_DATASET EXCERPT:_

☆ ☆ ☆ ☆ ☆ ☆ ☆

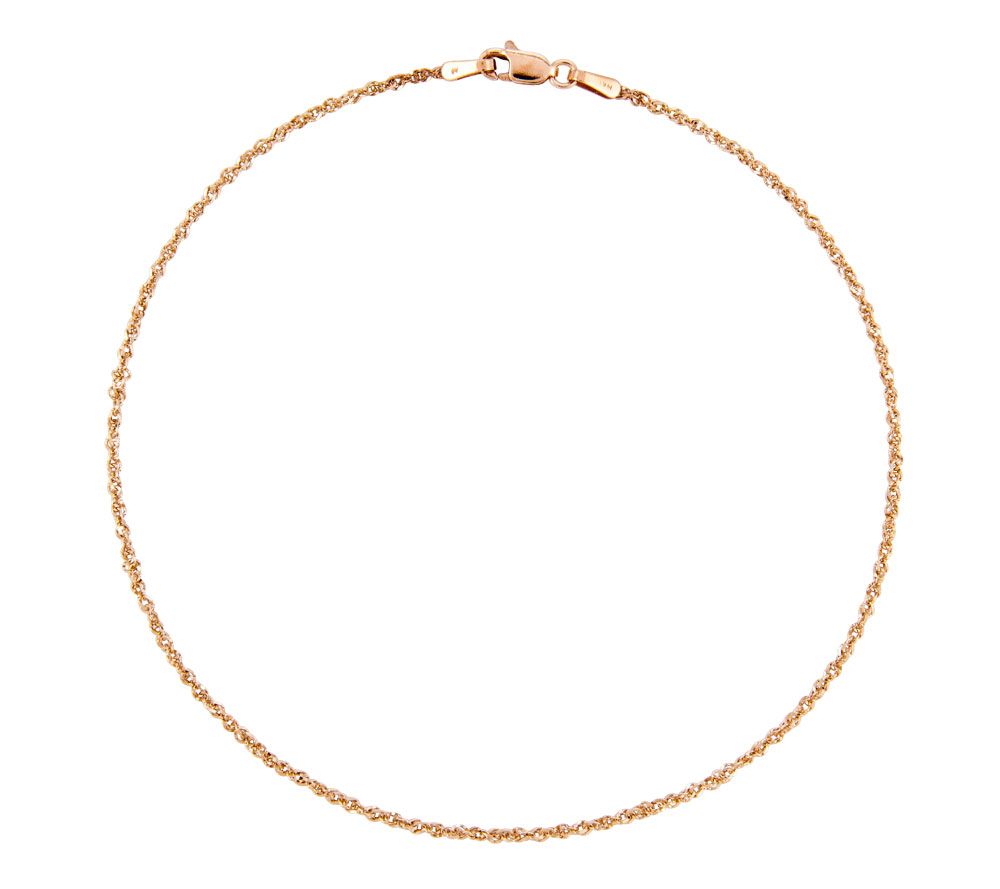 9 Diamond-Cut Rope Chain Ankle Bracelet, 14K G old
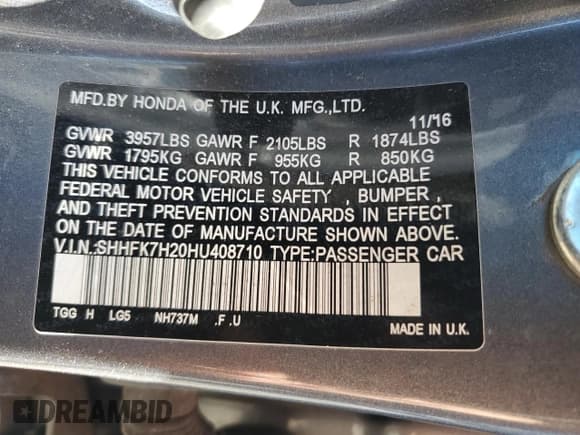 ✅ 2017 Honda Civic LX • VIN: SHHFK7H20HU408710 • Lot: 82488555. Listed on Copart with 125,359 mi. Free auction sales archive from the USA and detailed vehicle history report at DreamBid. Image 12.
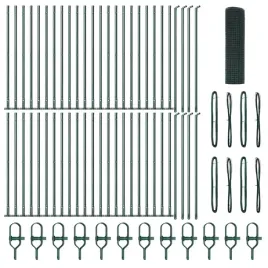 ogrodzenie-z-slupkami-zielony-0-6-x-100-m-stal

☆ ☆ ☆ ☆ ☆ ☆ ☆

In your answer, give every line of the listing above exactly, and do not include the images.

 9 Diamond-Cut Rope Chain Ankle Bracelet, 14K G old
 ✅ 2017 Honda Civic LX • VIN: SHHFK7H20HU408710 • Lot: 82488555. Listed on Copart with 125,359 mi. Free auction sales archive from the USA and detailed vehicle history report at DreamBid. Image 12.
 ogrodzenie-z-slupkami-zielony-0-6-x-100-m-stal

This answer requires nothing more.